Mediation and Crisis resolution

The Advisory Commission on Rakhine State (September 2016 – September 2017) was established as a joint initiative between the Government of Myanmar and the Kofi Annan Foundation. Its mandate was to propose concrete measures for improving the welfare of all people in Myanmar’s eastern Rakhine State, home of a Buddhist majority and a Muslim minority including those self-identifying as Rohingya. The Advisory Commission was composed of six local and three international experts, and was chaired by Kofi Annan.

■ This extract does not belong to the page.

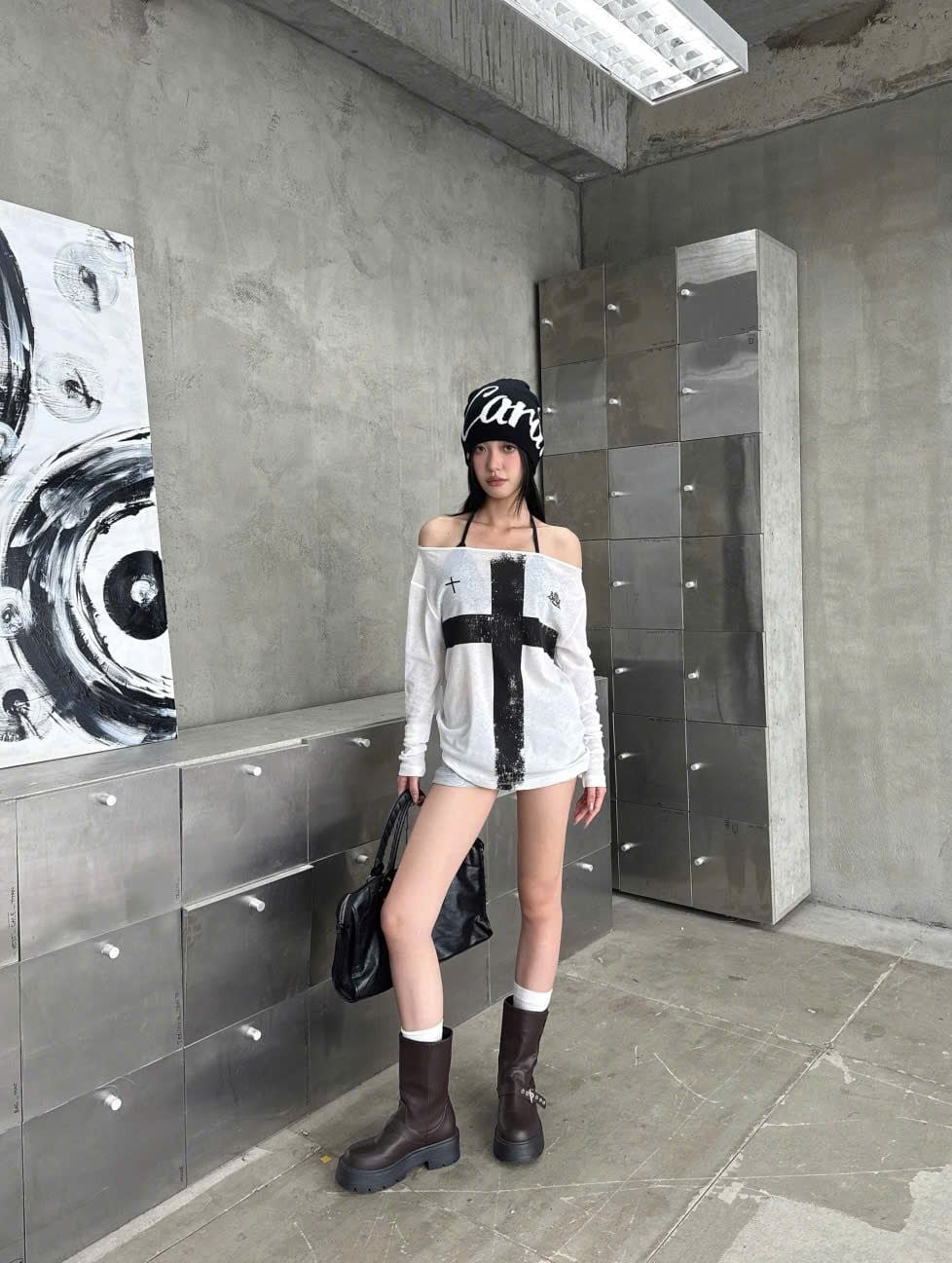  Quần short nỉ cạp trễ in nhũ SUPER STAR - KILLSYSTEM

The BBC described its establishment as a “glimmer of hope” after recurring cycles of violence and decades of chronic underdevelopment in Rakhine State.

A threat to peace:

  • Violence, social and ethnic tensions are endemic in Rakhine State.
  • 10 percent of the world’s stateless people live in Myanmar. The Muslims in Rakhine constitute the biggest stateless community in the world.
  • All communities in Rakhine suffer from poverty, poor social services and a scarcity of livelihood opportunities. The state’s poverty rate is 78 percent, double the national rate.

What we did in 2017:

  • The Commission published its final report “Towards a Peaceful, Fair and Prosperous Future for the People of Rakhine” in August 2017 after having released an interim report in March 2017.
  • In its work, the Commission considered humanitarian and developmental issues, access to basic services, legal questions including citizenship and the assurance of basic rights and security for all people in all communities.
  • The report is widely considered as the only viable roadmap to stability and development in Rakhine State, which in 2017 (and beyond) experienced very high levels of violence with hundreds of thousands displaced. Read the advisory commission’s final report at: www.RakhineCommission.org.
  • The report and its recommendations were endorsed by the Government of Myanmar, which has since established a body responsible for the implementation of the Advisory Commission’s recommendations.

What we are doing now:

  • The Foundation has produced a report on the lessons it learned in Rakhine State to help guide efforts to prevent and resolve conflict in the region and elsewhere. The Foundation’s formal role has ended, but it continues to share the experiences and recommendations of the Rakhine Commission with other actors working for peace and development in Rakhine State.
  • The Foundation receives regular requests to mediate and/or resolve crises around the world and considers them individually. Some of these interventions may require a sustained intervention, as in Myanmar. Others may consist of a limited number of conversations.